Renie’s face glowed hopefully with the opening door, then darkened as Sam approached the counter.
“Hey, Renie, you’ve really fixed this dump up nice. I like the walls yellow like that.”
“Brightens it up,” Renie murmured, then looked back down at his open ledger.
“I’ll say.”
“Hot day,” Renie said without looking up.
“I’ll say.”
“Muggy,” Renie said.
“You can say that again.” Sam tugged at his collar. He watched Renie’s fingers grip the pencil stub and draw a heavy line through a row of figures. “How’s business?”
“Could be worse,” Renie sighed.
“Could be better, huh?”
Renie looked up suspiciously. He closed the green book and laid his hand flat on its cover. He took a deep breath. “Look, Sam, if it’s money you want…”
Sam raised his hand to silence him. “Nope. Just a friendly visit to my favorite brother-in-law.” He bent to look at the pictures taped to Renie’s cash register, annoyed to see they were his children.
Renie smiled. “You know these walls, this color, this yellow—Alice was the one that picked that out.”
“Well”—he chuckled—“what can I say? She’s got good taste, just like her old man.”
Renie’s pride over his kids had always irritated him.

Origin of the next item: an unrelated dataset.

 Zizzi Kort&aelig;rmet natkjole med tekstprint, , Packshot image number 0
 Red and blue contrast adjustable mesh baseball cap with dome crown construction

“She’s a nice girl,” Renie said, grinning. “I got her that job, you know, up to the A+X. I kn
ow she didn’t want it, but you know Marie, how strict she is with the kids. She called me and she said, ‘I don’t want her at the lake. I want her home,’ so I called him—the guy up there, that Coughlin—and I said, ‘You know that walk-in cooler repair, that job I did, that bill I been after, well you give my niece Alice a job and then we’re even.” Renie gave a sheepish shrug. “’Course I never told Marie all of it. I learned that about her. She’s a very proud woman.”
“Is that so?” Sam said. His brother-in-law was still thick as a post.
“Oh yah. With her you gotta be so careful.”
“Hmph, I’ll remember that.”
“Yah. Like Norm’s job. I musta called Alderman Greene a hundred times, anyway. So then one day the town clerk comes in—you know, Bill Sheets—and he wants one of them meat grinders there. ‘For you, Mr. Sheets,’ I says, ‘that’s twenty percent off. Only catch is, I got a real fine nephew that needs a summer job.’ And just like that, Sheets says, ‘Send him down to Jarden Greene.’ But of course I never tell Marie the part about the discount. She’s funny about that stuff. It’s her pride, I can tell.”
Sam ground his teeth. Was the dumb bastard trying to rub his nose in it?
“You see Norm yet?” Renie asked.
“Uh, no, not yet.”
“Wait’ll you see him. You’re gonna be so amazed. He’s got these big muscles like this.” Renie’s fingertips formed a circle. “His neck, he’s just really filled in, like a man—you know, the job, all the hard work and the heavy labor.”
“Renie, that reminds me,” he said, touching the back of his neck. “I was thinking of getting a haircut. You got a buck you can sport me?”
“No, Sam, I don’t, as a matter of fact. I just made a deposit.”
The ring-eyed little grunt was obviously lying. He didn’t want it to be his buck that knocked Sam off the wagon.
A door creaked open at the back of the store, and Renie spun around. A large cat strutted toward them, then jumped onto the counter. Renie looked from the cat to Sam.
“That’s Tom,” he said with stricken eyes.